News on 7 Sep , 2015

Un altro esempio di quello che è il brutto e preoccupante fenomeno dello smaltimento di eternit abusivo, è quello di recente capitato nei pressi di Aprilia, provincia di Latina, che vede coinvolti due uomini, uno italiano e uno moldavo. I due sono stati fermati a bordo di un autocarro dagli agenti della Polstrada, insospettiti dal fatto che l’autocarro su cui viaggiavano, pareva carico oltremisura.

Il controllo ha subito mostrato che sotto una leggero strato di materiale inerte, erano nascosti diversi quintali di pannelli di eternit. A questo punto è immediatamente scattato il protocollo di sicurezza e quasi subito due equipaggi della polizia locale di Aprilia assieme a del personale dell’Arpa Lazio, hanno iniziato le ricerche per individuare il luogo di provenienza del materiale, che si è scoperto essere situato ad Aprilia, nei pressi di una villa in fase di ristrutturazione. L’intera area è stata quindi sequestrata e messa in sicurezza, in attesa che una apposita bonifica venga eseguita.
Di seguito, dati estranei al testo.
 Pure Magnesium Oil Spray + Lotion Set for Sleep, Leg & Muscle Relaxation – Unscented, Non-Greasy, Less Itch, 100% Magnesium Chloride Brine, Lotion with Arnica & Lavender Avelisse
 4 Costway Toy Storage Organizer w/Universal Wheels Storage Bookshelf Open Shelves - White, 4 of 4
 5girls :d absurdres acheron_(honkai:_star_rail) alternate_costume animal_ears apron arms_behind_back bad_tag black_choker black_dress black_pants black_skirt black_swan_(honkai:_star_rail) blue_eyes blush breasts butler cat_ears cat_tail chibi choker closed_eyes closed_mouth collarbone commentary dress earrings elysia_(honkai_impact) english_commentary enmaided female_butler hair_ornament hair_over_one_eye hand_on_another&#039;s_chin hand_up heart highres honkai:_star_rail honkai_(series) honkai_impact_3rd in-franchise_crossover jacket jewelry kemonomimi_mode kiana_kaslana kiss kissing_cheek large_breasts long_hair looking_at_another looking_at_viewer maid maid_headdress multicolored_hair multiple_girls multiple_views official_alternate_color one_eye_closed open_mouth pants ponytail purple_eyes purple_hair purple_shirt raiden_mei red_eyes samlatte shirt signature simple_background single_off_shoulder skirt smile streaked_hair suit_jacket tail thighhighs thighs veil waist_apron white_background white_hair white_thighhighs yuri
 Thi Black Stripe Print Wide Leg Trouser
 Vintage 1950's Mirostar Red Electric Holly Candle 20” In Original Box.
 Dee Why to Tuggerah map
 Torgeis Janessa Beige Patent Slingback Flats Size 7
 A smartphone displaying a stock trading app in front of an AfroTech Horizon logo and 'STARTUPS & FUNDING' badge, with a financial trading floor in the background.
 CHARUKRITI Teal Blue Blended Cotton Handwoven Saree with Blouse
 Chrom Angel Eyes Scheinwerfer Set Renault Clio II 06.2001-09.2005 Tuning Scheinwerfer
Da rilevare anche che il veicolo usato per il trasporto era privo di assicurazione e che il conducente era sprovvisto del documento per il trasporto di rifiuti speciali, cosa che fa presupporre che l’eternit sarebbe stato abbandonato abusivamente nelle campagne on in qualche discarica a cielo aperto.

Purtroppo quasi ogni giorno si vedono capitare episodi come questo, e la cosa preoccupante è che quelli scoperti sono solo una parte di tutti quelli che quotidianamente avvengono sul territorio italiano. Le forze dell’ordine, in questo caso come in moltissimi altri, sono intervenute con efficacia e tempismo, ma da sole non possono certo arginare un fenomeno così diffuso e non semplice da individuare. A parte misure sempre più serie da parte del governo e delle istituzioni locali, assieme alla messa in funzione di strumenti di controllo e monitoraggio, quali ad esempio telecamere di sorveglianza, occorre che tutti i cittadini si attivino per cercare di combattere misfatti di questo tipo. E non solo con richieste allo stato di maggiore attenzione ma soprattutto con una partecipazione attiva, che ad esempio veda i cittadini segnalare immediatamente chi tratta l’eternit in maniera non conforme alla legge, anche se si tratta del proprio vicino, invece che chiudere gli occhi, come non di rado succede.